I was reminded of that evening while looking over an article from a couple of months back about ”El Sistema”, the Venezuelan youth project founded in 1975 by Jose Antonio Abreu as a social program to improve the lives of underprivileged kids. Essentially a network of youth orchestras, it has, since it’s inception, trained over 400,000 Venezuelan children, 90% from the lowest economic stratum, and in most cases turned their lives around.

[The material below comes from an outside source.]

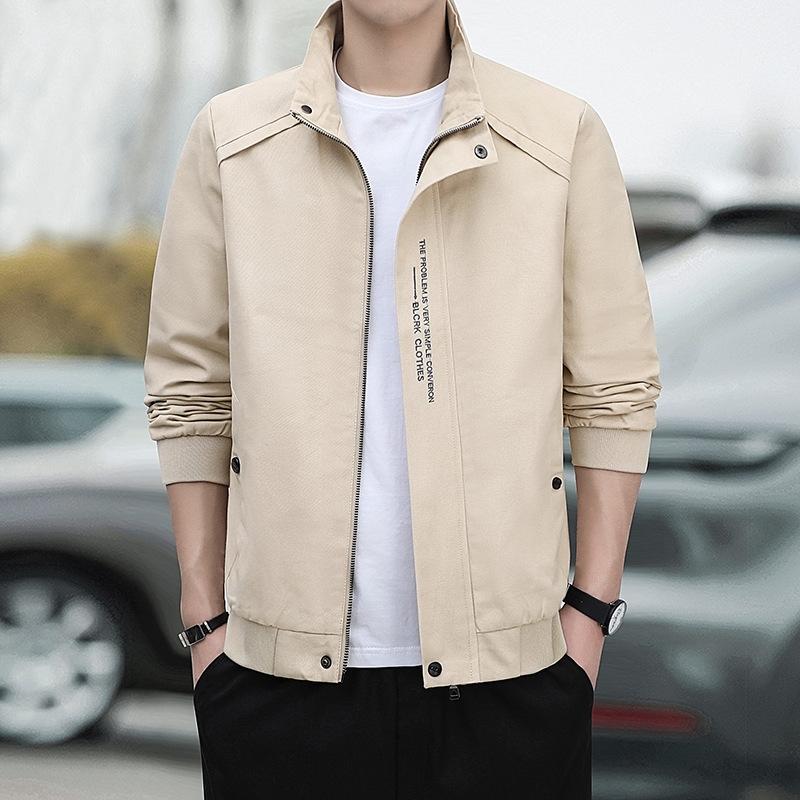 

Чоловіча модна куртка Весна-осінь З коміром-стійкою Повсякденне пальто на відкритому повітрі Чоловіча вітрівка Куртки на блискавці Пальто Чоловічий одяг XXXXL хакі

This quote from Abreu: “As a Venezuelan musician, I proposed to make my art an instrument of authentic social development, an instrument to build citizens, a powerful vehicle to achieve an integral education for children, compensating in this way the traditional deficiencies of the continent's education system. " And he has succeeded on all accounts – Venezuela now has a network of nearly 220 youth orchestras which continue to build a sense of community and tremendous civic pride. In fact, now the entire world is looking at El Sistema as the gold-standard of arts education, and graduates are going on to successful careers in Berlin and Los Angeles.

What is extraordinary about the Venezuelan system is the notion that providing musical training, with the discipline and opportunity for self-expression that comes with it, can reshape and fulfill the lives of children living in some of the worst slums in the world, kids who would otherwise be caught in an endless circle of crime, drugs and despair. And this is why the comment from the telemarketer in the bar really rankled; music IS necessary and can be transformative in a very tangible way. Art is not fluff – it’s the stuff that makes humans human, that makes life a deeply joyous enterprise.